Nuland’s visit to Moscow comes at a time when ties between the US and Russia are at their worst since the Cold War.
In mid-April, the White House slapped Russia with fresh sanctions, including the expulsion of ten Russian diplomats from the US. In a prompt tit-for-tat response, Moscow expelled ten US diplomats and restricted the activity of those remaining. In addition, the Kremlin offered the US ambassador to the country to leave Russia for consultations amid rising tensions.
The situation worsened last week when four US Democratic and Republican senators urged President Joe Biden to expel 300 Russian diplomats if Moscow refuses to issue more visas for Americans to achieve parity on staffing numbers.
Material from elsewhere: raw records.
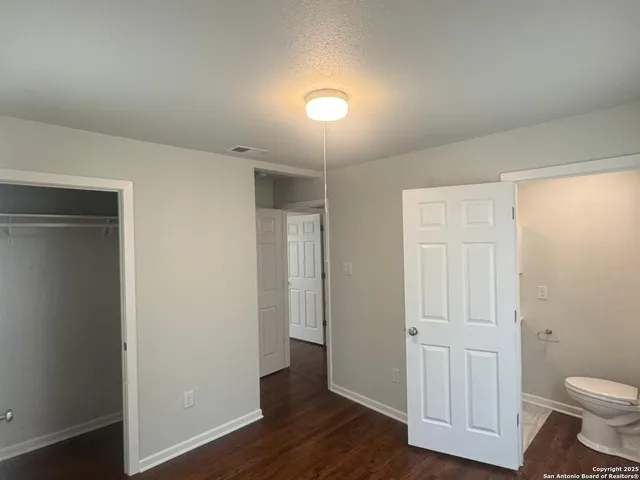 $1,600 | 306 Cupples Road, San Antonio, TX 78207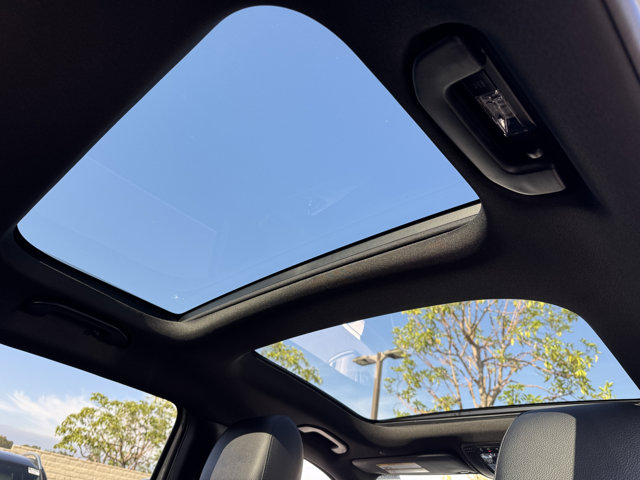 2026 Mercedes Benz GLB 250 photo 3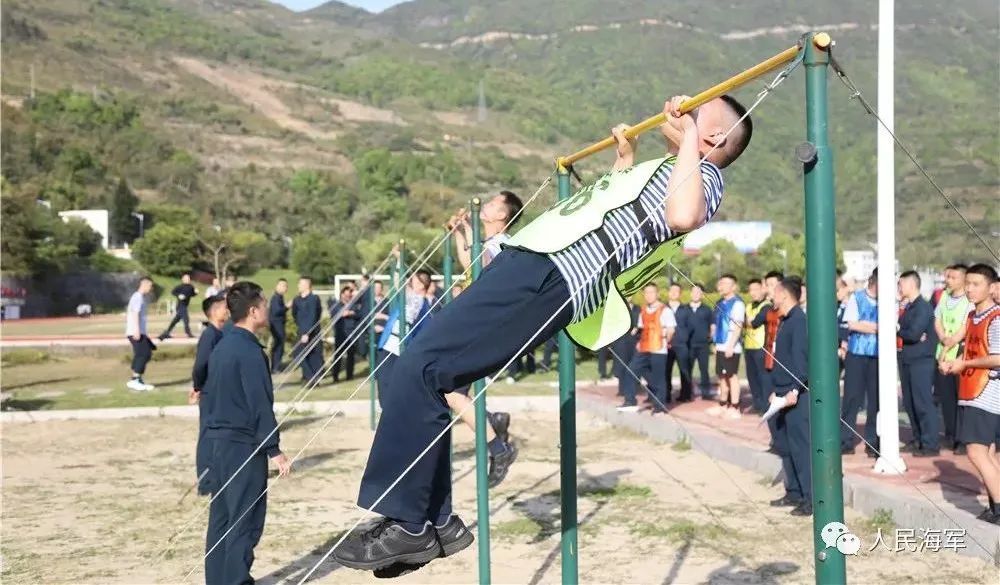 法国总统候选人勒庞：若当选，法国将退出北约军事一体化机构和原耽有关的作文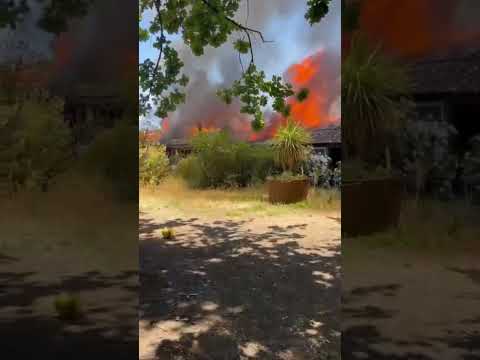 RETIRO: Bomberos de Parral y Retiro trabajan en sector El Ajial por incendio de casona.
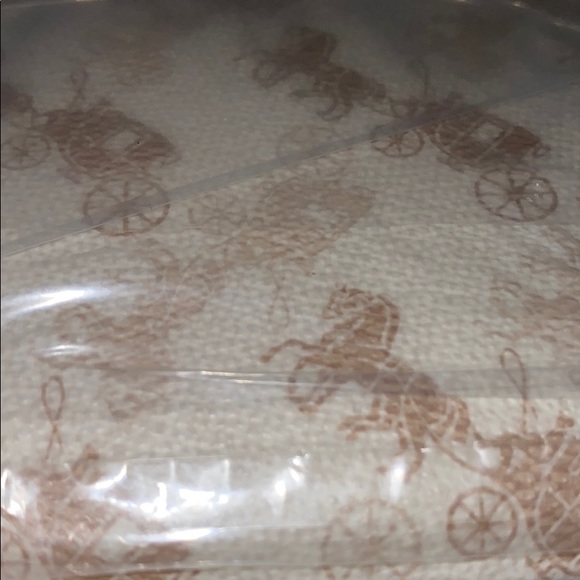 COACH Horse and carriage cream & beige wristlet - Picture 10 of 12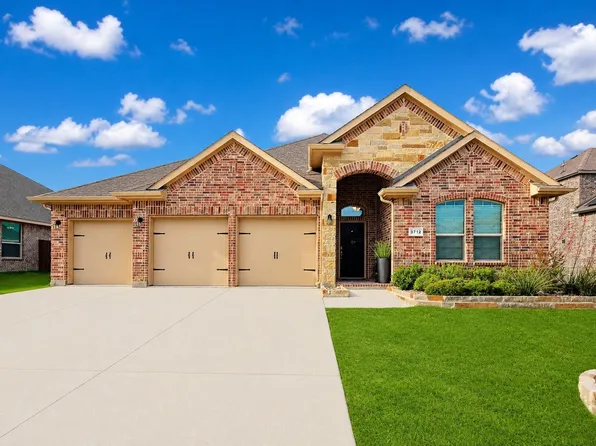 3712 Rolling Meadows Dr, Midlothian, TX 76065
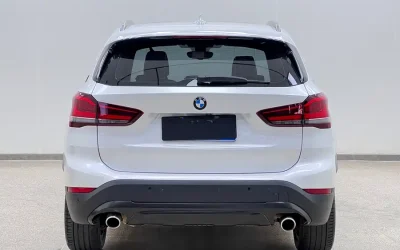 BMW BMW i3 в цвете и кузовом – это идеальный выбор среди китайских автомобилей. Доступная цена и надежность гарантированы.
In response, the Russian Foreign Ministry said that once implemented, such a move would lead to the closure of US diplomatic facilities in Russia.
Meanwhile, Ryabkov believes that Washington’s “confrontational” policy will further worsen relations between Moscow and Washington.
“The relations have to be built on the basis of the principles of equality and mutual consideration of each other’s interests,” TASS quoted him as saying.
According to reports, Russia and the US will hold another round of talks to discuss how to resolve the ongoing diplomatic tug-of-war between the countries.
Since the collapse of the Soviet Union in 1991, relations between two of the world’s foremost nuclear powers have been volatile. The ties have soured in recent years, mostly due to the conflicts in Ukraine and Syria, in which the US accuses Russia of being involved militarily. In addition, Washington has accused Moscow of interfering in the 2016 presidential election – an accusation the Kremlin has repeatedly denied.
Relations further deteriorated after Biden called Putin a “killer” in an interview with ABC News, prompting Moscow to recall its ambassador to Washington Anatoly Antonov, which soon led to reciprocal expulsion of diplomats.